A perspectiva bélica do herói permeia até hoje o imaginário da civilização ocidental. As guerras produziram os mais ilustres heróis dos civilizados, que por mera coincidência, são os responsáveis diretos pelo assassinato de dezenas e até centenas de vidas humanas. Não é preciso citar nomes, basta dizer que matar o outro é uma prática habitual dos heróis ocidental, que chegam ao Olimpo por “salvarem” de cruéis inimigos toda uma coletividade.
É práxis no mundo ocidental justificar a guerra criando um motivo nobre para ela. Os motivos sempre são elevados. É por isso que os EUA nunca figura como vilão nas inúmeras guerras que promovem no oriente. A história oficial e o jornalismo “canalha” sempre mostram o lado “bonzinho” da tragédia. Muito sangue é derramado, mas a macabra tarefa é feita com “dignidade”.
No mundo capitalista, a maioria das guerras é produzida em defesa do capital. Nelas causas materiais, intimamente ligadas aos grupos socioeconômicos e, em geral, ao egoísmo humano são incrivelmente beatificadas. A história, escrita oficial da elite, resume todas as motivações em jogo na quimera do idealismo, altruísta de regra. Negando que: “na guerra, os mais mesquinhos apetites humanos são expostos à consagração da história” (MICELI, 1994, p.78).
Para finalizar: o Herói não pode ser aquele que mata ou o responsável por ela, não há nobreza nenhuma nisso. O Herói deve ser aquele que resolve conflitos respeitando a vida. A bravura deve estar nos gestos de tolerância e não nos de eliminação do outro; no amor e não no ódio; na vida e não na morte; no altruísmo e não na xenofobia; no amor e não na violência. Numa guerra não há vencedores no sentido pleno da palavra. Nela todos se tornam estúpidos, insanos e bárbaros. Esse modelo militar de heroísmo não deve ser incentivado.
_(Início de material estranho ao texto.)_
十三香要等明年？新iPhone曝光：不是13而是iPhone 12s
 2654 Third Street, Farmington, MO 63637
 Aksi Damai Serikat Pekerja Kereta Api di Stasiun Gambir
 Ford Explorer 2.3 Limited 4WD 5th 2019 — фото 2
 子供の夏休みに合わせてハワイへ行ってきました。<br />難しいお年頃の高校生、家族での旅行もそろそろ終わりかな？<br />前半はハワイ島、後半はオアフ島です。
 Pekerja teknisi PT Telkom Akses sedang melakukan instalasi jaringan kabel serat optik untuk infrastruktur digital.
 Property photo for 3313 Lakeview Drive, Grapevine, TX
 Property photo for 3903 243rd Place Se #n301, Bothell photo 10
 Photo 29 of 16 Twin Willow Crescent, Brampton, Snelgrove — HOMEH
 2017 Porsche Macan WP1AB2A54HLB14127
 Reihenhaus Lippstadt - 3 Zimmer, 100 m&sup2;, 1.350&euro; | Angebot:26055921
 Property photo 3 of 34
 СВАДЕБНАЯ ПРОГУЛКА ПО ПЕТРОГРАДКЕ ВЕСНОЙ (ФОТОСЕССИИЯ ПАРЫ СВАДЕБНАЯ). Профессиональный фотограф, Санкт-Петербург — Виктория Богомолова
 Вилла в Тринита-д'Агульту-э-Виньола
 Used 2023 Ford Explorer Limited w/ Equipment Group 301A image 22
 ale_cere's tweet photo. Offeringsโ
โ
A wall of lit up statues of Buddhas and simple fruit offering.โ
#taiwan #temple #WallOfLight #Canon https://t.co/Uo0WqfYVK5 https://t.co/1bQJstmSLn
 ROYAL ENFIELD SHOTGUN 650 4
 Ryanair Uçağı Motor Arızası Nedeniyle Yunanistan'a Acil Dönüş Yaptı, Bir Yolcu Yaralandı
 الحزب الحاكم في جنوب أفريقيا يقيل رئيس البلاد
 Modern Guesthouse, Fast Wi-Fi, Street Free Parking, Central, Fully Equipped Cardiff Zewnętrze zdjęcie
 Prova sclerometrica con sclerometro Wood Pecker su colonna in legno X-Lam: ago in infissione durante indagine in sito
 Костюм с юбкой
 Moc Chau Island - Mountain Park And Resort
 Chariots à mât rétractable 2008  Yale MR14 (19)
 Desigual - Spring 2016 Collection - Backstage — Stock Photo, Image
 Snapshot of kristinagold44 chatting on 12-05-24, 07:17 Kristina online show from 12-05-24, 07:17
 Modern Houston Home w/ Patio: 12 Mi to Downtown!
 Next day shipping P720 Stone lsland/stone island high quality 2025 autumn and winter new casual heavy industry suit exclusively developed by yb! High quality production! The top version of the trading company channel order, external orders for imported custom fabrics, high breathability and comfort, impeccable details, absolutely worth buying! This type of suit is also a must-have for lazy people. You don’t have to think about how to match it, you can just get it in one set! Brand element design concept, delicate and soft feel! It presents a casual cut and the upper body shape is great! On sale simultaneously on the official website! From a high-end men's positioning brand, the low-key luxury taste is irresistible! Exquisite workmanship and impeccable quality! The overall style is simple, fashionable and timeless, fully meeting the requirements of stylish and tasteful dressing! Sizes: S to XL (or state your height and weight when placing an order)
Eduardo Carneiro – professor da Universidade Federal do Acre.


REFERÊNCIAS BIBLIOGRÁFICAS

CAMPBELL, Joseph. O herói de mil faces. Trad. Adail Sobral. São Paulo: Pensamento. 1988.
CARLYLE, T. Os heróis e o culto dos heróis. São Paulo: Cultura Moderna, s/d.
FEIJÓ, Martin Cezar. O que é herói. São Paulo: brasiliense, 1984.